You boys... you never cease to amaze me. Today was just a normal day and you two make it extraordinary. I love you so much.
Nicholas, you really have taken your first word, agua, and run with it. You ask for it when you want it, you point to it when you see it. There is no doubt in my mind anymore. AGUA is your first word. I love it!
And your expressions. You are finding your outer voice for your inner frustration. You make a very serious face and growl when you want something. It's only a matter of time before you find a few words to add to your repertoire so I can understand you a little better! Nevertheless, you are the happiest baby around. Happy to play. Happy (real happy!) to eat. Happy to be outside. In the yard, you make a bee-line for the swings. You love to swing.
And now, you've moved on to your push wagon.

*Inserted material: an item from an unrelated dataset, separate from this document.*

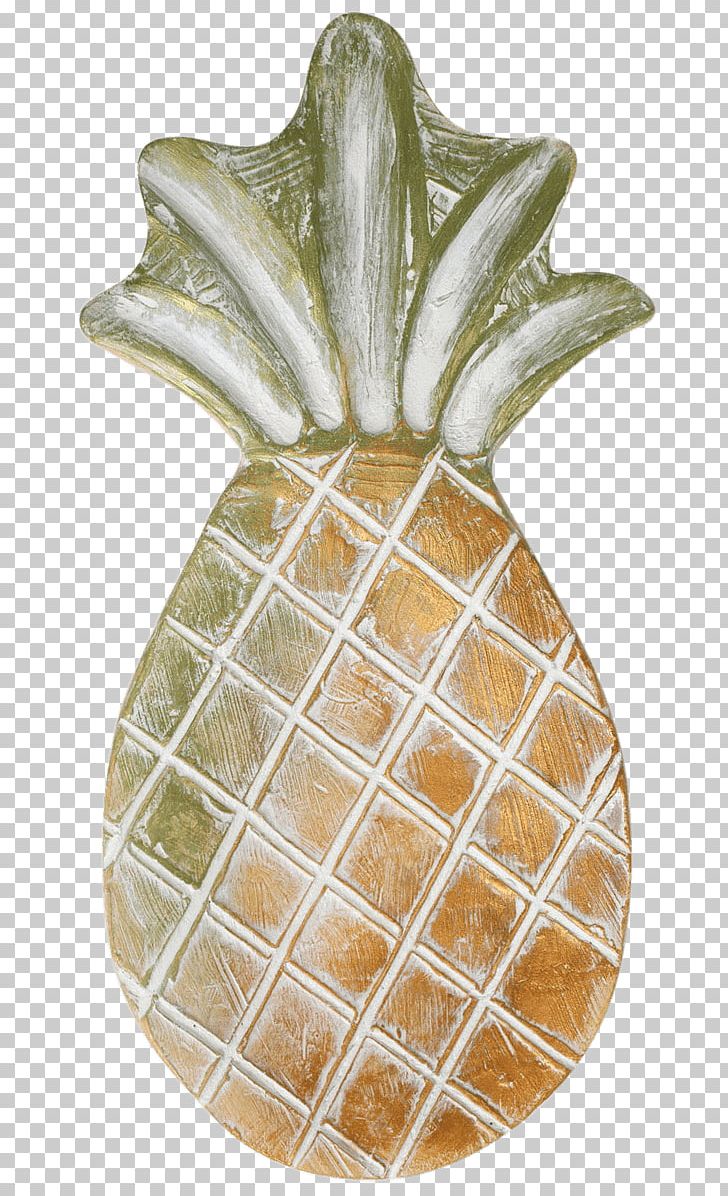 Pineapple Cutter Carving Fruit Drinking Fountains PNG, Clipart, Ananas, Apple Corer, Bloom, Bromeliaceae, Carving Free PNG Download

You push it yourself and with Sam in it. You even like to climb into it and stand up. I think you're gonna be a pretty adventurous guy - you don't seem to be scared of anything!

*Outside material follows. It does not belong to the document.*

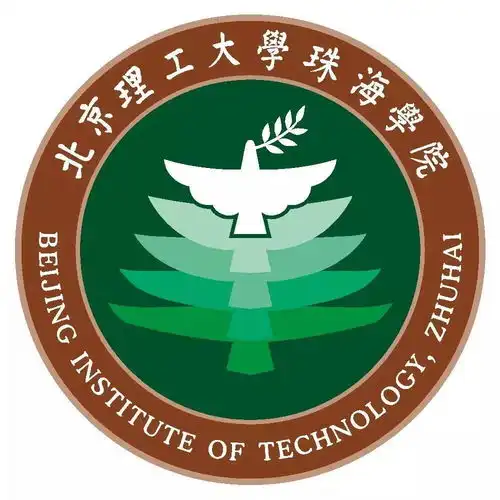 新生注意开学前你必须要知道的事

Your Dad and I have a bet about when you will walk. I say right at 12 months. He thinks by 11 months. You could wake up tomorrow and walk. Wouldn't surprise me. :)
god is Nature
Sam, tonight, I told you the story of the lost city of Atlantis. When explaining that the god of the sea, Poseidon, was the ruler of Atlantis, you asked me why there was more than one god at Atlantis. Since you've been taught about one God at school, this was a legitimate question. I explained that people believe different things and that long ago many people believed in gods of all kinds of things: sea, love... Your response astounded me: "Mom, maybe it's just like God is everywhere so there are lots of different gods. Maybe god is nature." Religion is not a straightforward concept in our house. We don't subscribe to any one religion, but you are learning Christianity in school. On your very own, you came up with a set of beliefs that have taken me over 30 years to cultivate and articulate: god is Nature.
Do Fish Have Necks?
You also ask the most probing questions. Today you asked both me and your Dad (separately) whether fish have necks. I'm not sure if you thought of this questions because you seem to notice the smallest details in your drawing. Perhaps you were drawing a fish and wondered if you should draw a neck. Whatever the reason, we talked about how fish don't have necks like us and how they have to turn their bodies if they want to see from side to side. You made the astute observation that fish can bend much easier than we can so that's not such a big deal. In addition, we talked about vertebrate and invertebrate animals and you understood it right away. Fish. Vertebrate. Snail. Invertebrate. Butterfly. Invertebrate, of course, you said.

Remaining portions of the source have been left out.